■ Your assignment: Please copy the listing that follows exactly, leaving out any pictures.

━━━ Data section ━━━

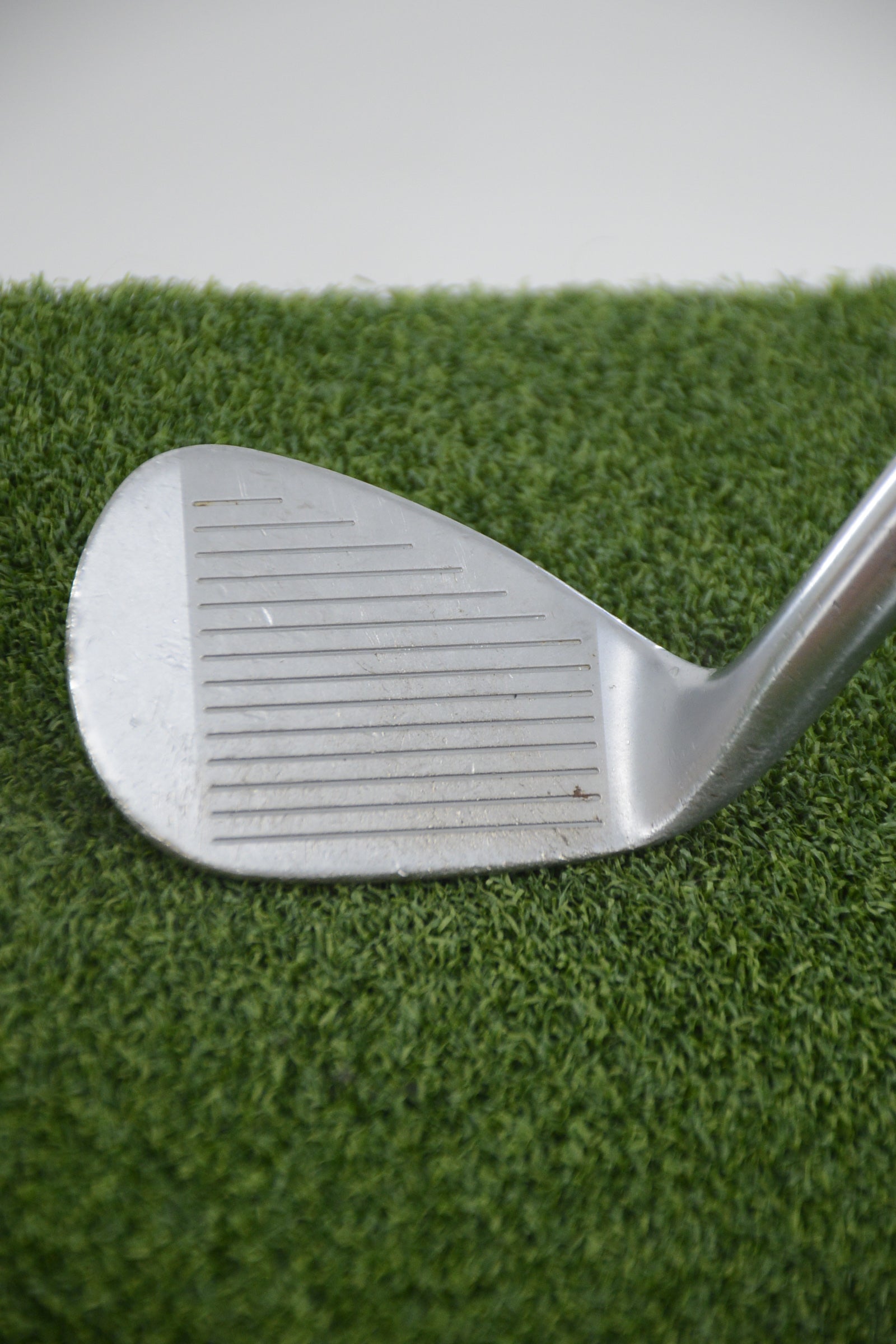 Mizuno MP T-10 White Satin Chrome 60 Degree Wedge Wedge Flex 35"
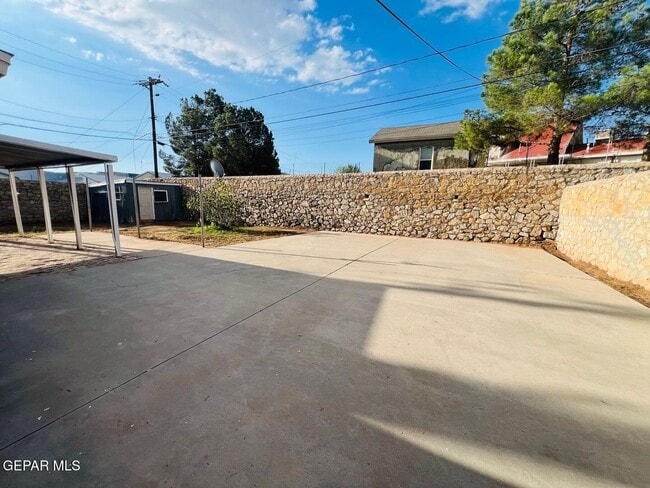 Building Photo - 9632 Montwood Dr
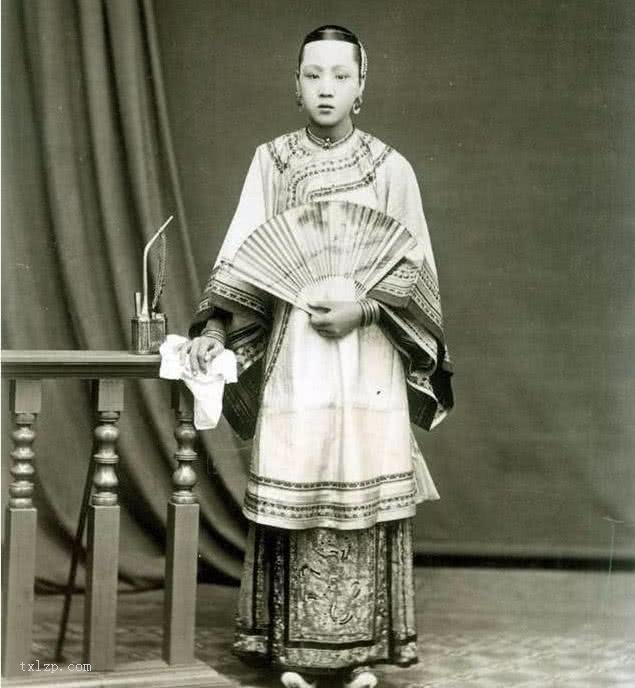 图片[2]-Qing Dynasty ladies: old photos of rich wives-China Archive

━━━

■ Reply:
 Mizuno MP T-10 White Satin Chrome 60 Degree Wedge Wedge Flex 35"
 Building Photo - 9632 Montwood Dr
 图片[2]-Qing Dynasty ladies: old photos of rich wives-China Archive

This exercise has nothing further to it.